Dalam lukisan ini Hendra seolah menunjukan jika penderitaan sekaligus

kemandirian rakyat telah menjadi bagian dari kehidupan mereka sejak kecil,

meskipun seperti digambarkan dalam sosok anak laki-laki dibelakang, penderitaan

tersebut tetap dijalani dengan penuh kegembiraan.

Penggambaran sosok ibu sebagai perempuan tangguh juga kembali muncul dalam

lukisan ini, penggambaran tersebut seolah telah menjadi patron bagi Hendra dalam

menunjukan pandangannya terhadap sosok perempuan, dan caranya untuk

menggambarkan perlawanan terhadap sistem tatanan masyarakat konservatif yang

terpengaruh kebudayaan feodal.

68

8. Pohon Beringin (1964)

Gambar IV.18 Lukisan Hendra Gunawan, Pohon beringin (1964)

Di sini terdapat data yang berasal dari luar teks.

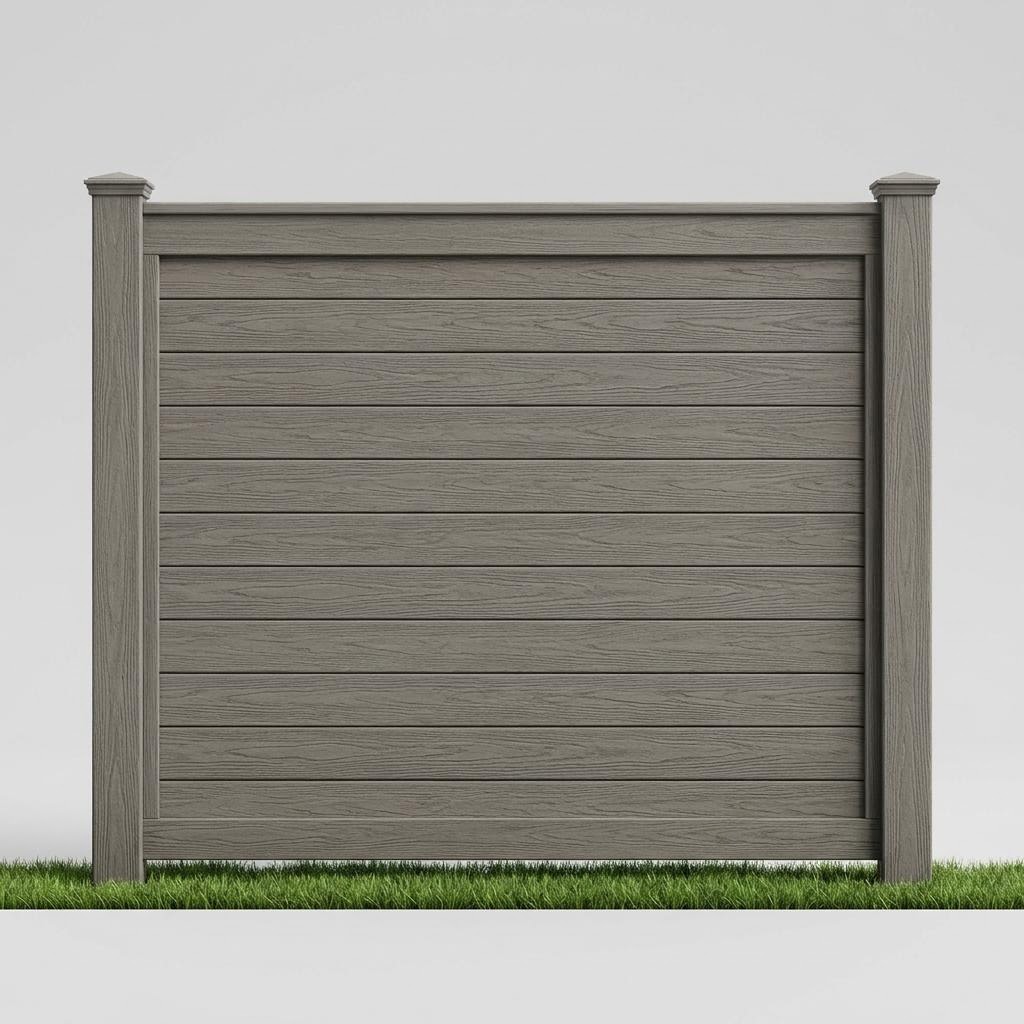 Trex Solitudes (Traditional Horizontal) style composite fencing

Sumber:http://archive.ivaa-online.org/pelakuseni/hendra-gunawan/page:2

(Tanggal Akses 24 April 2018)

Meskipun pada beberapa lukisan Hendra melengkapi lukisannya dengan latar

belakang pemandangan alam, namun baru dalam lukisan berjudul Beringin inilah

setelah sekian lama Hendra kembali melukis pemandangan sebagai objek utama

lukisannya. Dalam pembahasan sebelumnya, sekilas telah dijelaskan jika Hendra

mengawali karir sebagai pelukis dengan melukis pemandangan ketika belajar dari

Abdullah Suriosubroto, namun seiring berjalannya waktu Hendra lebih banyak

melukiskan tema-tema permasalahan rakyat, Karena itulah lukisan ini menjadi

menarik karena Hendra tiba-tiba kembali melukis pemandangan sebagai objek

utama lukisannya.

Melihat latar situasi dari tahun dipublikasikannya, lukisan ini selesai menjelang

Konfrensi Sastra dan Seni Revolusioner tahun 1964 yang diselenggarakan PKI

dimana Hendra tercatat sebagai salah satu pesertanya. Dalam Njoto: Peniup

Saksofon ditengah Prahara (2010) dijelaskan bahwa Konfrensi Seni dan Sastra

69

Revolusioner adalah bagian dari upaya terakhir petinggi PKI lewat D.N.Aidit

sebagai ketua PKI untuk mempertahankan pengaruh partainya terhadap Lekra,

karena desas desus yang berkembang saat itu, beberapa bulan sebelumnya,

beberapa anggota penting Lekra menolak upaya PKI memasukan Lekra sebagai

salah satu organisasi semi-otonom PKI.

Lukisan ini sendiri menggambarkan suasana dibantaran sebuah sungai dengan latar

belakang pegunungan, objek utama sebuah pohon beringin tua terlihat tumbuh

condong kearah sungai, dibagian bawah pohon terdapat beberapa orang yang

digambarkan berpakaian sederhana seperti perempuan berpakaian kebaya dan

sarung batik. Sementara disisi sungai terdapat beberapa orang yang terlihat hendak

menyebrangi sungai menggunakan sampan.

Meskipun tema utama lukisan ini adalah pemandangan, sisi kehidupan rakyat

dengan segala permasalahannya tidak dapat dilepaskan dari lukisan Hendra

Gunawan terlihat sosok manusia dalam lukisan ini adalah penggambaran rakyat

kecil yang dapat dilihat dari pakaian mereka.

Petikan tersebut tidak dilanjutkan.